ENGELS TO KARL KAUTSKY

IN LONDON

Eastbourne, 24 August 1886
4 Cavendish Place

Dear Kautsky,

I have been completely crushed, smothered, squashed and stultified by your avalanche of letters this morning. I shall have to see how I can manage to answer them. Very many thanks.

Liebknecht has written to say he may set off for London as early as tomorrow, taking the direct route via Flushing—I am expecting more definite word any day; as soon as I know the day he's arriving, I shall come up for the day and bring him back here. I shouldn't buy him an Esel[1] if I were you, he can write perfectly well on board ship without an Esel. Or is he expecting to be seasick all the time? But so far no Esel has been able to cope with seasickness.

Old Becker[2] will be arriving from Geneva on the 12th-13th to stay with me in London.

Mother Schack has announced her intention of coming to London in the middle of September along with the Wischnewetzkys.[3]

If Schorlemmer and the Lafargues turn up as well — postcard arrived 16th August from Schorlemmer in Bellaggio, Lake of Como — it will be pretty hectic.

We shall be staying here until 4 September — a week on Saturday.

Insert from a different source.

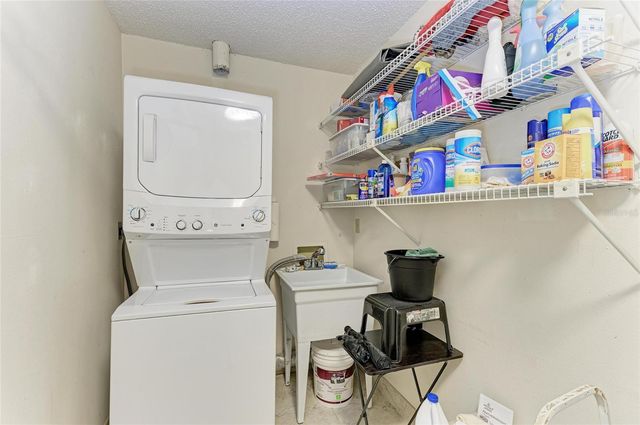 7921 4TH AVENUE W, Bradenton, FL 34209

Nim and the Pumpses send their best wishes to your wife and yourself, as does

Your

F.E.

  1. A fragment of this letter was first published in English in: K. Marx, F. Engels, On Reactionary Prussianism, Foreign Languages Publishing House, Moscow, 1943.
  2. Johann Philipp Becker
  3. On 16 August 1886 Gertrud Guillaume-Schack informed Engels that she intended to come to London in mid-September in the company of the Wischnewetzkys.